## [Task]
Below are records; copy exactly the line containing "IQST Stock: Understanding" and every line after it, through the last.

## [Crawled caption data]
-=-=-

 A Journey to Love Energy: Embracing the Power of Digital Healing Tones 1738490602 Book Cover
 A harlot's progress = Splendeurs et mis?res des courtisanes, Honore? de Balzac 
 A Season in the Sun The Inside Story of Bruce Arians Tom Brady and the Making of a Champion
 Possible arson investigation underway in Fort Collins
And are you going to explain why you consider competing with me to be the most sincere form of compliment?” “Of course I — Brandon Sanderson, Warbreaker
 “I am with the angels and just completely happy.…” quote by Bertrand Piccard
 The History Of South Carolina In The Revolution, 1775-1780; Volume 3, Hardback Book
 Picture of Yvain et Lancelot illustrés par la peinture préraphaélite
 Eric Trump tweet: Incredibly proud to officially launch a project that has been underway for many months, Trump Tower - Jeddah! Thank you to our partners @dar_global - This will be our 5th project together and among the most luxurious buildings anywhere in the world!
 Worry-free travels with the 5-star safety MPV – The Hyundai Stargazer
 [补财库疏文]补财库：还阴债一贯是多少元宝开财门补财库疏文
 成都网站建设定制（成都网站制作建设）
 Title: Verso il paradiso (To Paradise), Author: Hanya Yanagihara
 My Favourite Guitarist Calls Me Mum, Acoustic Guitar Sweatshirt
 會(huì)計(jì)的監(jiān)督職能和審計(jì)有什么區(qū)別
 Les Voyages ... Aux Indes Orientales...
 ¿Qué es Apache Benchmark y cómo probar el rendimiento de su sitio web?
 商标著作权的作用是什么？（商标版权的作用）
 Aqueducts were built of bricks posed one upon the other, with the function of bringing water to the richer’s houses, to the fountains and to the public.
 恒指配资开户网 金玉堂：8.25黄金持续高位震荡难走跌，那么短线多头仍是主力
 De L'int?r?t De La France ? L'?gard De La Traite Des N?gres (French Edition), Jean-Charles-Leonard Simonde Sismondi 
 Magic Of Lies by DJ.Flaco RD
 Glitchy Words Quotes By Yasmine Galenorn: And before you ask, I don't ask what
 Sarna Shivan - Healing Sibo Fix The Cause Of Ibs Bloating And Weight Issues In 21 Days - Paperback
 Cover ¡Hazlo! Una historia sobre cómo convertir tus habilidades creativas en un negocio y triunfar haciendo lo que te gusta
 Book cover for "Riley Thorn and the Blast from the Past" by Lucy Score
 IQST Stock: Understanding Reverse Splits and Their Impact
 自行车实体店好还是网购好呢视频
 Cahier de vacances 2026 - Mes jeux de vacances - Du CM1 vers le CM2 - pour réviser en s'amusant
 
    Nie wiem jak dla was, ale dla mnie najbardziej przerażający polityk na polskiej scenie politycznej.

-=-=-

## [Answer space]
 IQST Stock: Understanding Reverse Splits and Their Impact
 自行车实体店好还是网购好呢视频
 Cahier de vacances 2026 - Mes jeux de vacances - Du CM1 vers le CM2 - pour réviser en s'amusant
 
    Nie wiem jak dla was, ale dla mnie najbardziej przerażający polityk na polskiej scenie politycznej.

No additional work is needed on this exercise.